State 125

South Carolina’s infamous serial killer, “Pee Wee” Gaskins

Donald "Pee Wee" Gaskins, serial murderer from Prospect, S.C.
Donald "Pee Wee" Gaskins, serial murderer from Prospect, S.C.

He was a little man with a squeaky voice, dead eyes and a black heart.

Infamous killer “Pee Wee” Gaskins was the definition of a human paradox. At first glance, Donald Henry Gaskins was less than menacing.

But his barely 5-foot-5, 130-pound frame packed a lot of meanness. He confessed in 1978 to murdering 15 people and burying their corpses in three Pee Dee counties. At least four of his victims were 15 or younger. Gaskins admitted waiting for hours beside a dirt road until accomplices lured a 13-year-old girl close enough to apprehend her.
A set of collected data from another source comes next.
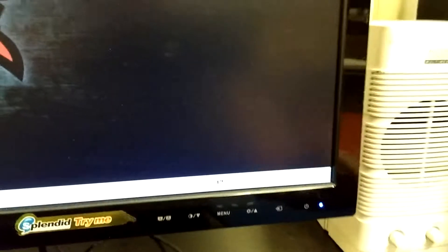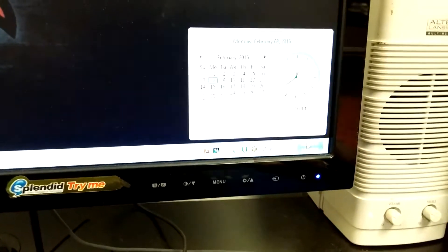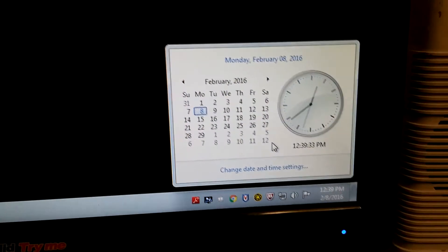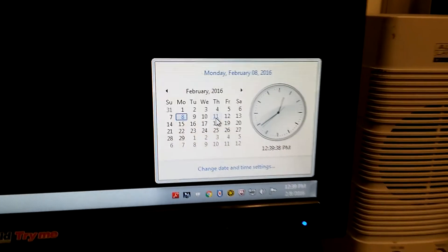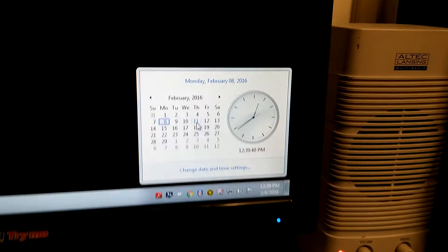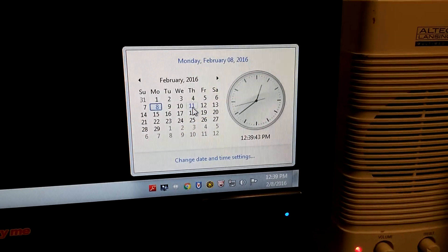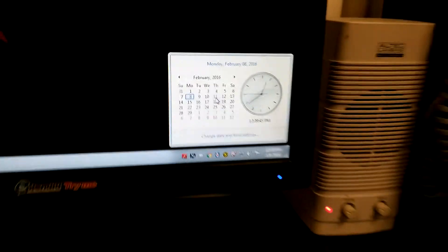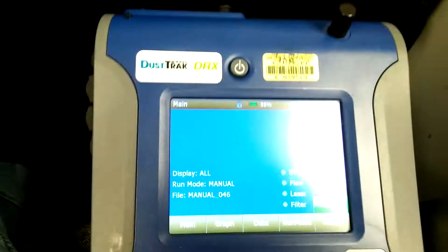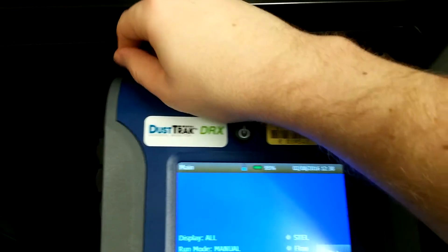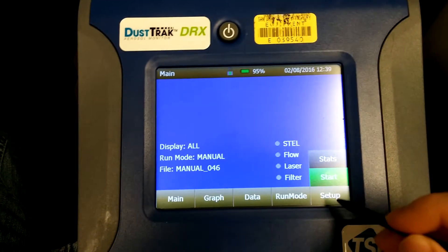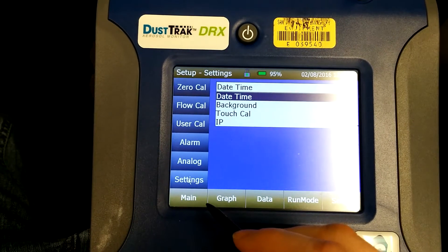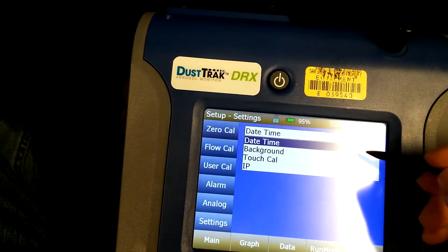Once your computer is synced up properly with your phone, you can either use your phone to sync with the DRX, or use your computer to sync with the DRX — I'm using the computer because right now I'm recording with my phone. On the DRX, get your stylus and go to Setup, then Settings, and Date and Time will be highlighted.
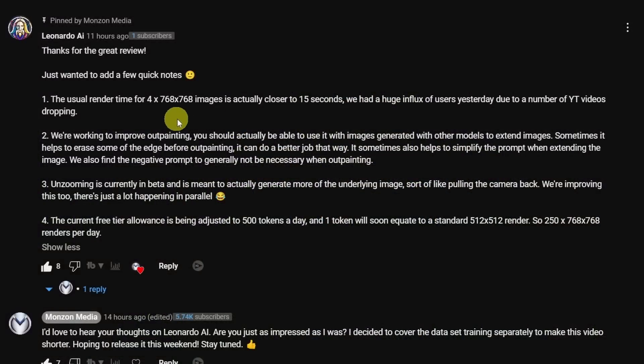By the way, the folks at Leonardo AI were nice enough to comment on my last video, clarifying some things on outpainting, the unzoom feature, and a couple other things. Make sure to check it out. Until the next video, my friends — I'll see you when I see you.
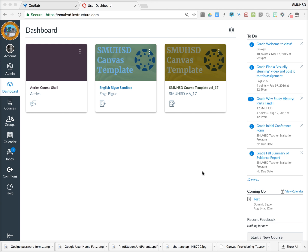Hi, this is Dominic. I just wanted to walk you through the process you all will be using to copy over your sandbox course to the Aries course shell that is sent to you from our SIS.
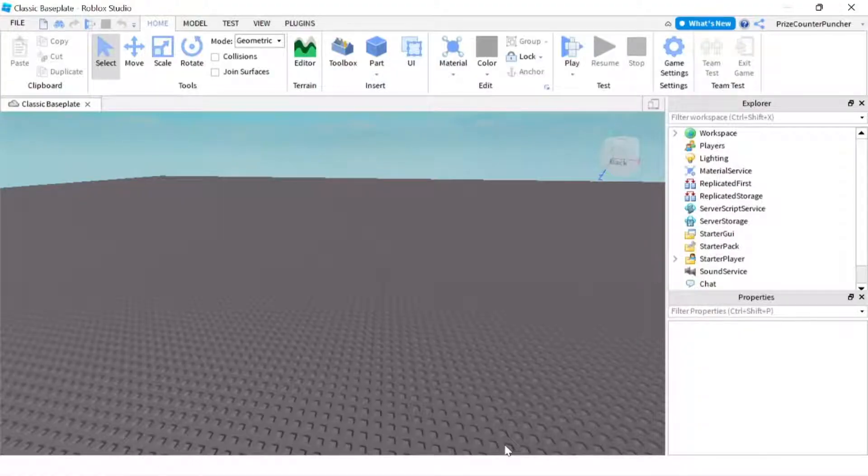Hello everyone, in this tutorial we're going to learn how to turn off chat logs in Roblox.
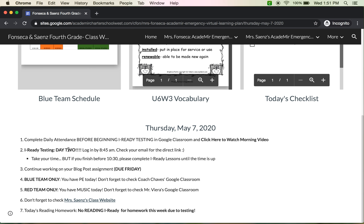Red team only, you guys have music, so don't forget to check Mr. Vieira's Google Classroom. Don't forget to check Ms. Saenz's class for her Google assignments or any assignments you need to complete, because you still have to complete stuff for her. And for today, there is no reading iReady homework because you are testing.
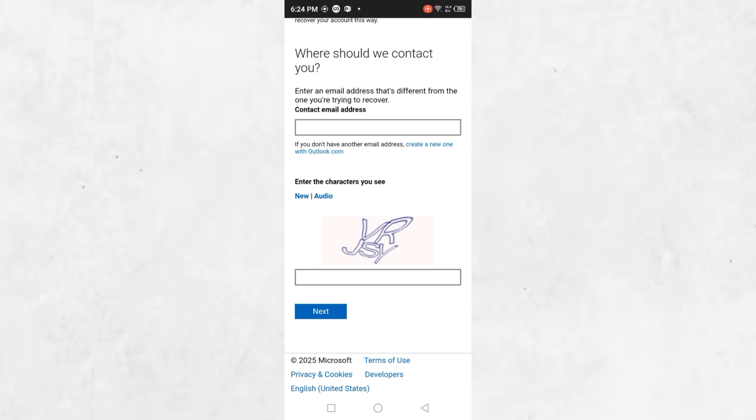Once you complete the steps on the recovery form, Microsoft will process your request. You may be asked to provide additional details to verify your account. If everything is correct, you will be able to recover your account without needing to reference your old phone.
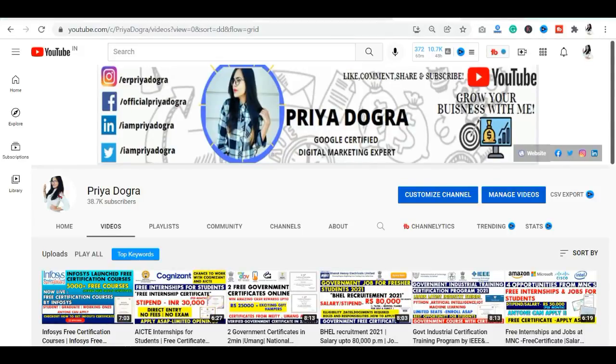Hi guys, welcome to my channel. My name is Priya Dogra and I'm back again with another video.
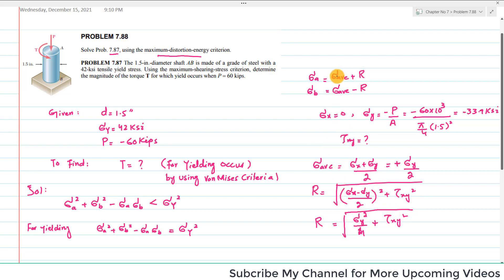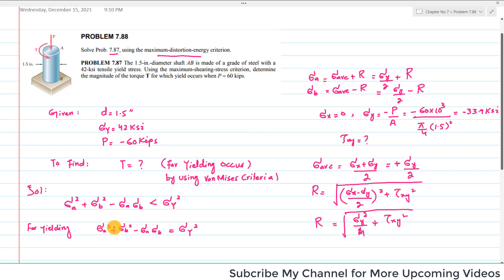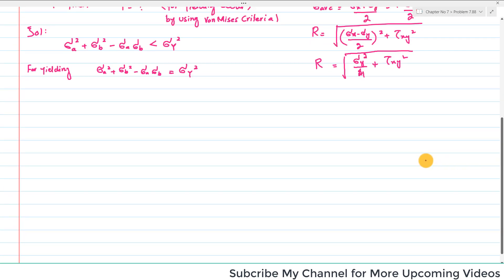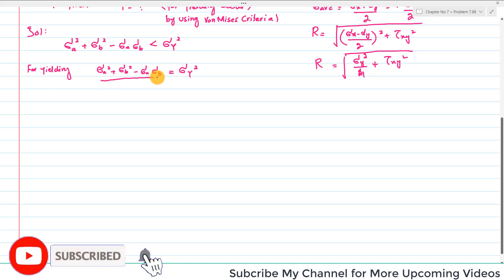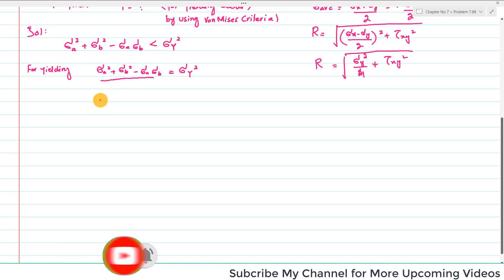So sigma_a equals sigma_y divided by 2 plus r, and sigma_b equals sigma_y divided by 2 minus r. You substitute the values of sigma_a and sigma_b and take their squares. When you solve this — as demonstrated in the earlier problem 7.86, which you can watch for clarification — you obtain sigma_y squared plus 3 tau_xy squared equals sigma_yield squared.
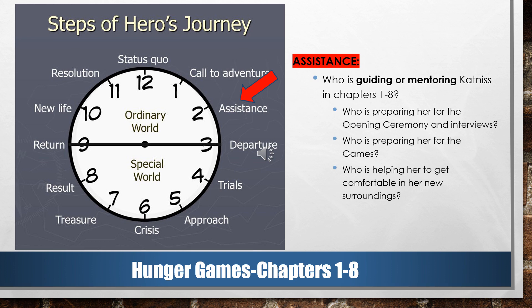Two o'clock is assistance. While Katniss is pulled away from District 12 and to the Capitol to be prepared for the Hunger Games, we ask the question: Who is guiding or mentoring Katniss in chapters 1 through 8? Who is preparing her for the opening ceremony and the interviews? Who is preparing her for the games? Who is helping her to get comfortable in her new surroundings?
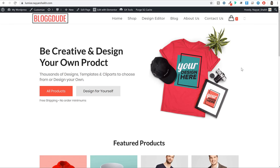Hello friends, I am Naeshek and today in this video I will teach you how to make a professional and beautiful online t-shirt designing website. In fact, this is not just a t-shirt designing or printing website but also a bag, hat, mug, hoodie and even phone case designing and printing website.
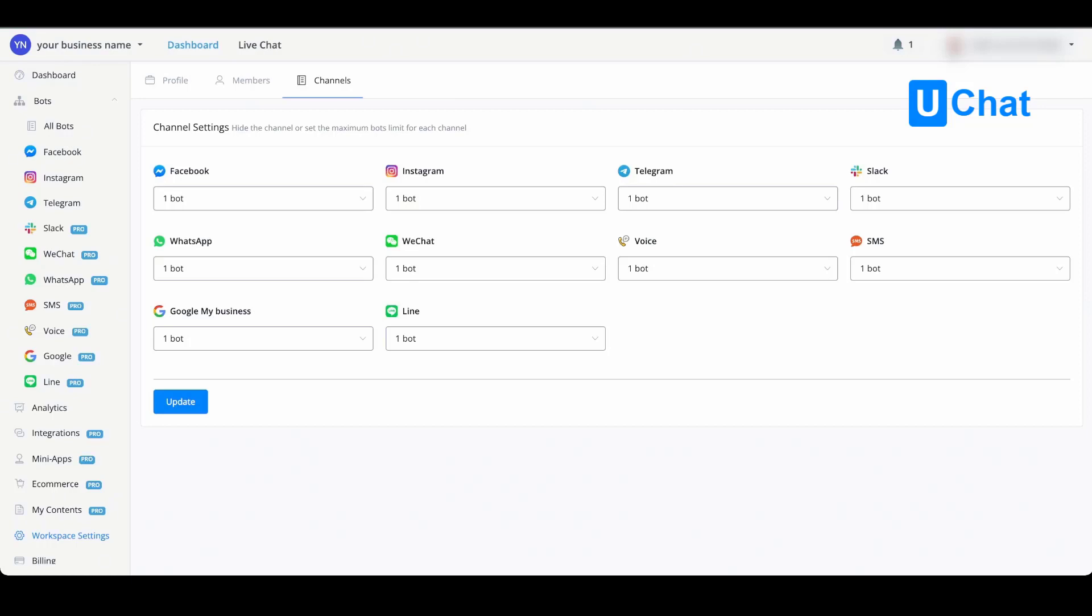If we go to Facebook, for example, and go to the dropdown, you will see that you will either be able to hide the channel or set the maximum bot limit to one, and this depends on your plan.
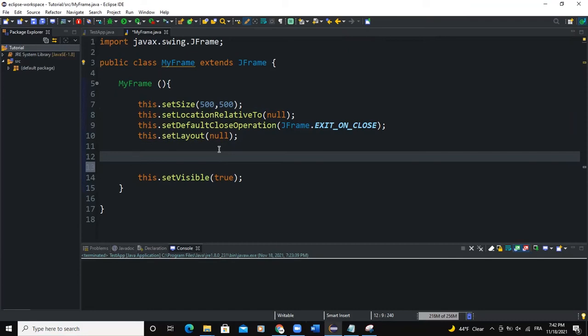Hello guys, welcome back to this channel and thanks for viewing this video. Today we are going to talk about toggle buttons. A toggle button in Java is created using the JToggleButton class. By definition, a toggle button is a two-state button that is used to switch on or switch off.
He once told a judge, “There’s quite a few bodies that’s never been mentioned ... but you’ve got enough for now.”

Gaskins jumped in 1964 from a second-floor window at the Florence County Courthouse when on trial for carnal knowledge of a 13-year-old girl. He scampered to nearby swamps, where he eluded police for weeks. Authorities thought he was cornered when they heard bloodhounds baying, but Gaskins had tied them to a tree.

He drove a hearse around his native Prospect, a community in Florence County.

Gaskins was serving 10 life sentences at notorious Central Correctional Institution in Columbia when, in 1982, he carried out a contract, revenge killing of Death Row inmate Rudolph Tyner. Gaskins blew up Tyner by giving him a plastic cup he had told Tyner was an intercom. It exploded when Tyner put it to his ear.

That murder landed Gaskins on Death Row. But prison walls never stopped his scheming.

Two weeks before he became the 245th South Carolina prisoner to die in the electric chair, Gaskins plotted with his son to kidnap the 3-year-old daughter of then-Columbia-area solicitor Dick Harpootlian, whose prosecution moved Gaskins from a life sentence to his own date with death.

In his last night, Gaskins slashed his wrists and the crooks of his arms with a razor blade he had lodged in his throat and regurgitated. It took 20 stitches to save him for the electric chair at 1:10 a.m. Sept. 6, 1991.